Capítulo 6
Nos encaminamos hacia la almoneda de la calle Cadórniga a ver si sacábamos algo de dinero. Tuvimos que tocar con los nudillos en el cristal y, aunque había luz al fondo, nadie salía. Desde el escaparate se podía ver una casulla de cura verdidorada en el centro de la tienda que parecía como si oficiase una fantasmal misa al resto de las cosas que, fenecidas, allí vivían, una porción de cachivaches improbables: medallas de la guerra de África, casquillos de balas, la funda de una pistola, un alfiler de falange, juguetes mutilados, infinidad de relojes de pulsera y de bolsillo parados y hasta desventrados, estilográficas descascarilladas, pequeños cuadros rinconeros realistas y abstractos apolillados. Ante el ruido que armamos se acercó un hombre con un abrigo de color camello y sombrero marrón.
-Estará dormido ese canalla de Zaratustra ahí dentro. -dijo y desapareció.
Nos fuimos nosotros también por la calle Espíritu Santo en la que un derrumbe repentino había dejado desgajada una casa de tres pisos con todas las tripas de sus habitaciones al descubierto. Sin decir nada los cuatro nos detuvimos extasiados ante el espectáculo. Se podía ver el papel pintado de las paredes al estilo de hacía decenas de años. En algunos pisos los muebles habían quedado intactos. Una mesa y una silla huérfanas del resto precipitado a la ruina. Una cama con el crucifijo encima, de otra tan sólo quedaba el cabecero de hierro negro con un rosario encima colgado de dos clavos a la pared. Un cuarto de baño con azulejos amarillos abrillantados de lluvia a la intemperie y a la vista de todos. Todas las horas que se habían vivido en aquellos cubículos parecían pudrirse ahora al contacto con el aire y con la luz del día.
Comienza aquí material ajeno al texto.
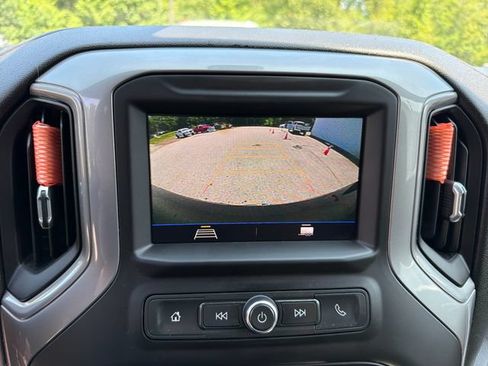 Used 2022 Chevrolet Silverado 1500 Custom AWD/4WD image 22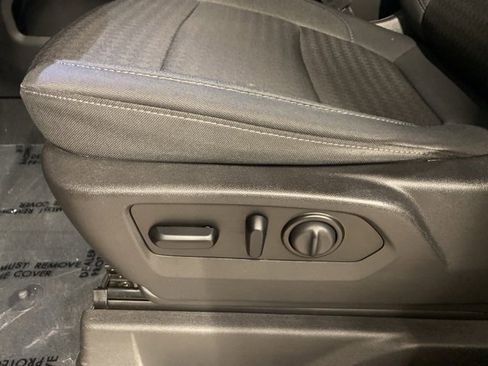 Used 2020 Chevrolet Silverado 1500 LT Trail Boss image 27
-Es como una novela escrita en un libro viejo de viento esa casa -dijo Larsen con la mirada ida.
-Estaba podrida -añadí yo- como los libros.
-Es el paso del tiempo -aseveró el poeta Pascal.
-¡Guauuu! -dijo Karenino.
En el primer piso se veía lo que debió ser un salón con un sofá que había quedado de punta sobre los escombros y, sobre la pared, tres anaqueles de libros perfectamente colocados. Más de trescientos debían ser. Larsen los señaló y nos acercamos a la montaña de restos. Escalamos por ellos como simios a cuatro patas y, arriba, el poeta Pascal, que era el más liviano, se encaramó en mis espaldas como un circense famélico y enganchó con el dedo el primero de los libros con lo que el resto se precipitó en cascada sobre nuestros lomos. En tanto caían Larsen los expurgaba seleccionando los valiosos de la filfa. Casi todos cayeron en un charco de la lluvia reciente entre los cascotes y allí se hicieron barro. El renqueante bibliófilo se metió los libros en los ya muy atestados bolsos de los varios gabanes que le cubrían y, caminando hacia atrás sin dejar de mirar a la casa derrumbada, volvimos a la calle de Cantareros del anticuario al que había acudido la chica.